### Assignment:
Where the string "thumbnail" occurs in a line of the data below, that line should be copied.

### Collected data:
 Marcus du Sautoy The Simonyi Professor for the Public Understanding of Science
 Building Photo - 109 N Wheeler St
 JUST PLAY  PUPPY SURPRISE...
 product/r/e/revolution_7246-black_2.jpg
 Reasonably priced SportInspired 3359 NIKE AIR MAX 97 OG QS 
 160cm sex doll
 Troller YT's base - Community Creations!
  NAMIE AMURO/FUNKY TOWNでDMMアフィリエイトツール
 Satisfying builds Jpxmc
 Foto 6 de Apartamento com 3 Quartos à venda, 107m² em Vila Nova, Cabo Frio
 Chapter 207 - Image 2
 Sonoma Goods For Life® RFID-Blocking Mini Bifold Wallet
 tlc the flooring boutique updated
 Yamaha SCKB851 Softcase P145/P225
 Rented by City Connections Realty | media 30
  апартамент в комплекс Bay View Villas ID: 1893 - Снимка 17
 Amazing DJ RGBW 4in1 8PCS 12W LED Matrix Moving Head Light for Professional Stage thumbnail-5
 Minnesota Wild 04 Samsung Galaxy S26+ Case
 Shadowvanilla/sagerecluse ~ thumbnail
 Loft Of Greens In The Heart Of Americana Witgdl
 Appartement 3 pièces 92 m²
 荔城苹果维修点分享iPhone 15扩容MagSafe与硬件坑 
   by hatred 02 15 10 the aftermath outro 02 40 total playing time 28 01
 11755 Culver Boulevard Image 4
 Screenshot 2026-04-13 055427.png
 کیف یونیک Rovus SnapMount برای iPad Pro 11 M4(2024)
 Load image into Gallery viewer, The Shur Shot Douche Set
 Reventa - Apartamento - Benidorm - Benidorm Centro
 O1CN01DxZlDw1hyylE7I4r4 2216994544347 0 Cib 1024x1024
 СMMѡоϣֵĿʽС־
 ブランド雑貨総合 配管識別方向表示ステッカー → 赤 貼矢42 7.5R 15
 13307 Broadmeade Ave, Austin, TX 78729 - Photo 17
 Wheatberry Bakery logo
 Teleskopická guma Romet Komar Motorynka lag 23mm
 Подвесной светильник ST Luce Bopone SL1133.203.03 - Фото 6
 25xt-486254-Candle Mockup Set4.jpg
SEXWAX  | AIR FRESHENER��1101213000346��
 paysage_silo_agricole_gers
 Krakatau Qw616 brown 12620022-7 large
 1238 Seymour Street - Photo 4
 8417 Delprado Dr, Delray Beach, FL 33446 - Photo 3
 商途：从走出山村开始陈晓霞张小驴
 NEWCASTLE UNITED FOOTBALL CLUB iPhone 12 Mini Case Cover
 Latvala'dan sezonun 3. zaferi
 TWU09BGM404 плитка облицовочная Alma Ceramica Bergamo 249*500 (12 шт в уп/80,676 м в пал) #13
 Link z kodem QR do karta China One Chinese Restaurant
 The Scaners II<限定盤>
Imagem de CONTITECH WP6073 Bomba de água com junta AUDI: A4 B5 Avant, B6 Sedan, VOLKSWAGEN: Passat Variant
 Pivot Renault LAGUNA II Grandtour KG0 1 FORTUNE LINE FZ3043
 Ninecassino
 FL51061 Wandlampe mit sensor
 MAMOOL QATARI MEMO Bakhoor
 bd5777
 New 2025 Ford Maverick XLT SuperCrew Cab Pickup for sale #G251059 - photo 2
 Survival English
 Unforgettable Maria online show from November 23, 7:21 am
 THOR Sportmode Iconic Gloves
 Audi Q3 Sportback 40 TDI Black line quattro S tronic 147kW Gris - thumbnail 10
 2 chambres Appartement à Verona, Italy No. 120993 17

### Output of the exercise:
 Amazing DJ RGBW 4in1 8PCS 12W LED Matrix Moving Head Light for Professional Stage thumbnail-5
 Shadowvanilla/sagerecluse ~ thumbnail
 Audi Q3 Sportback 40 TDI Black line quattro S tronic 147kW Gris - thumbnail 10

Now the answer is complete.